I probably would have figured that out earlier but I do batches from scratch and always make a gallon extra for topping off. Now that i'm doing a few kits here and there I'm noticing a slight difference.


----------



## sour_grapes (Feb 13, 2014)

Yes, the carboys are all different sizes.

Here is what people were kind enough to tell me when I ran into the same quandary:
http://www.winemakingtalk.com/forum/f3/carboy-confusion-41520/


----------



## Turock (Feb 14, 2014)

This is the inside joke around OUR winery----Some of these manufacturers don't seem to know what 5 gallons IS. We find lots of variation with all the 5 gallon carboys, especially!! The antique ones made in the USA hold more than any of the foreign made.
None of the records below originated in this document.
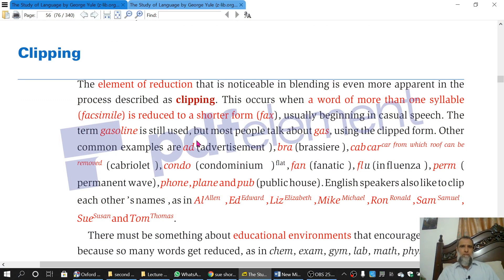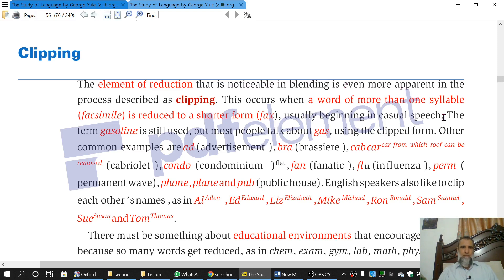We saw that there was the element of reduction in the blending process in the previous lecture. In blending we take the first part of one word and the last part of the other word and make a single word. So that reduction element was there. But in clipping, this reduction element is, as compared to blending, more apparent and very obvious. What we do is that we take a word of more than one syllable and that word is reduced to a shorter form.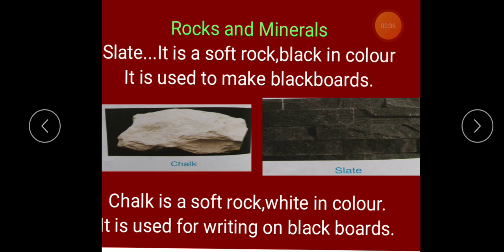Let us see what is a slate. Slate is a soft rock, black in color, used to make blackboards. The blackboards that are in classrooms, on which we used to write with chalk — nowadays whiteboards are more commonly used with markers. But before, the boards in classrooms were blackboards, and that is a rock called slate.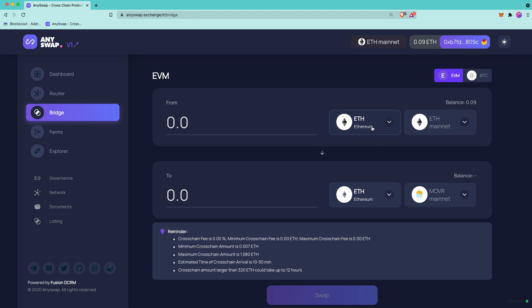And the token is going to stay the same. We're bridging ETH to ETH. That's not changing, only the network is changing. Make sure to pay attention to the reminders at the bottom, including the fees and the minimum and maximum cross-chain amounts.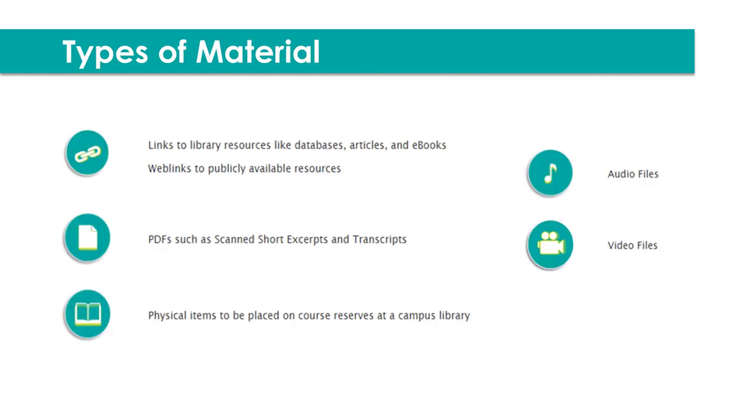Many types of material can be requested through eReserves. This may include links to the open web, like YouTube, or to subscription databases and eBooks through the library, using stable links. eReserves can handle many file formats from MP3 to PDF to Excel. You can also list physical reserve items such as books or DVDs at a campus library to let your students know they're there.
Our cure for this is to have lots of marbles available.


----------



## ckvchestnut (Feb 14, 2014)

Wow thanks so much for the link and the responses! I found that really helpful! I'm going to measure all of mine and try to rack down to whichever ones are smaller if I have any. I think I have a few smooth ones, 3 ribbed ones and 1 plastic one in 6 gal. 3 - 3gal with ribs. I'll see about those too.


----------



## Boatboy24 (Feb 14, 2014)

Yep, definitely close to a half gallon of extra capacity on those Italian carboys. I think the 6 gallon mark is right at the shoulder. 

Better Bottle carboys seem to be pretty much right on 6 gallons though.


----------



## ckvchestnut (Feb 14, 2014)

Wow I still can't get over this! Can't wait to measure mine. I'll measure 6 gals into one of my smooth ones and then syphon that into my other ones and mark them each at the 6 gal level. I'm having a revelation now from some times when my levels only went to the shoulders! But usually I make extra so I never noticed that problem.


----------



## DoctorCAD (Feb 14, 2014)

4 fingers, by the way...

Carboys are grossly made and not subject to any real standards. I have 4 5 gallon Better Bottles and they are all very close, but I also have 2 glass 6 gallon carboys that are not even close.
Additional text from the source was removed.